Idolatry is denounced over and over again in the Old Testament. In those days, it seems, the ignorant heathen worshipped idols of wood and metal. Today we believe that, through the advent of enlightened scientific understanding and the spirituality of the world's higher religions, idolatry has been banished, at least from civilised societies. Unfortunately the facts are otherwise. Since the worship of natural objects has become unfashionable, man has instead bowed down to mental images, investing them with a god-like power. The form of this universal idol is the mind of man, which, it is believed, is capable of solving all difficulties through scientific research, economics, sociology, psychology, and the other branches of human endeavour. None of these disciplines is bad in itself; all are indeed gifts of the Holy Spirit who leads us progressively into greater truth about ourselves and the world we inhabit. It is when these disciplines assume autonomy, when they break free from their creative source, that they become demonic and start to dominate the world. Each in its own way, if dissociated from its eternal source, becomes a god, a power that dominates us. In this way suffering is seen in terms of its social, economic or psychological components instead of the groping of the soul of man from the illusion of material sufficiency to the goal of spiritual insight. Full spiritual insight is, of course, unattainable to mortal man, for when he reaches this he will be of god-like stature himself. What he needs is the wisdom that comes from increasing awareness, so that he can begin to direct his life properly and relate to his fellow beings as a person.
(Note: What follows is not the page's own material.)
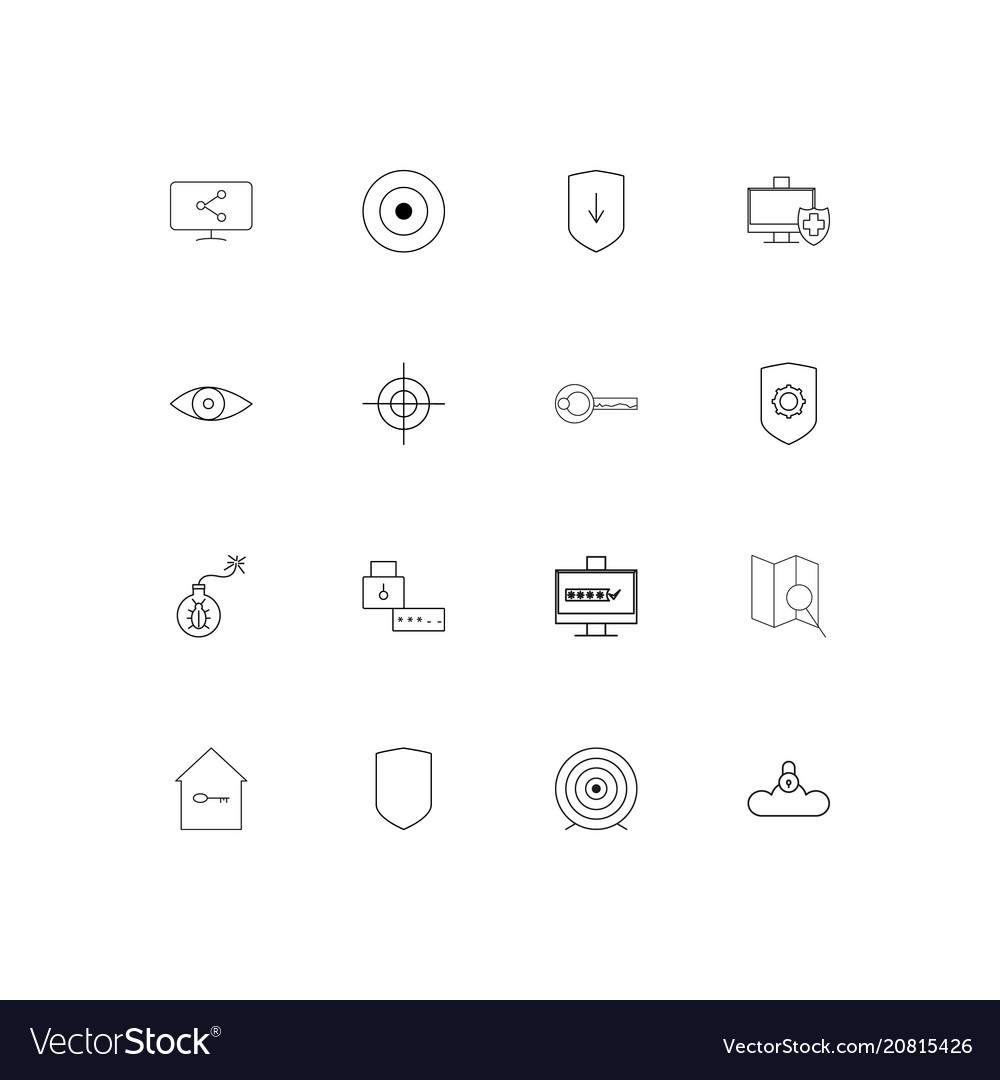 Internet security linear thin icons set outlined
Suffering is to be seen as the result of a disharmony between the cosmic flow of life that is the gift of God's Holy Spirit and the will of God's rational creatures, by which is meant those endowed with a reasoning mind able to respond individually to that Spirit and co-operate with it. Those in our world are human beings, but it would be wrong to limit rational consciousness to the human mind; in the psychic realm there are also the souls of those who are progressing in a different medium of activity as well as the angelic powers. These aspects of reality become tangible to us only when we are capable of being released from the imprisonment of the ego by giving ourselves more fully to our fellow beings. In other words, love and service are the means whereby we come closer to the knowledge of God, who in turn, by the power of His Spirit, attunes us to other dimensions of communication. By an act of will, divorced from grace, it may be possible for a psychically sensitive person to effect temporary communication with this intermediate realm, but his contact with it is liable to be malevolent, since the spiritually uninstructed will attracts companions of its own moral stature. This is a universal spiritual law; suffering can be seen in this light as the way in which the will is chastened so that it may eventually be consecrated to the pursuit of that which is good. And we must remember in this context that Jesus Himself rejected the attribute of goodness, stating categorically that it was due to the Father alone (Mark 10:17-18).
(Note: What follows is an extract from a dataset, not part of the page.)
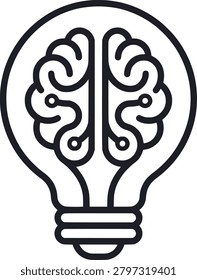 Brain Lightbulb Outline Icon Creative Idea Vector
It is fatuous to speak of the will and especially of the free will of natural man, for he is driven by powerful desires within himself and an overwhelming coercive force from without that derives from the world he inhabits and the society with which he has to come to terms. In this way what masquerades as a powerful will is, in reality, the enslaved psychic power of the personality which is harnessed to irrational inner urges and indifferent outer directives. To break this stranglehold on the personality so that it may become free and self-determining is one of the important goals in our life. But the end of this way is increasing loneliness (I John 2:15), for it demands a detachment from the assumptions of the worldly-wise and a strengthening of inner discrimination against the surface urges within the psyche that look for immediate sensual or emotional gratification.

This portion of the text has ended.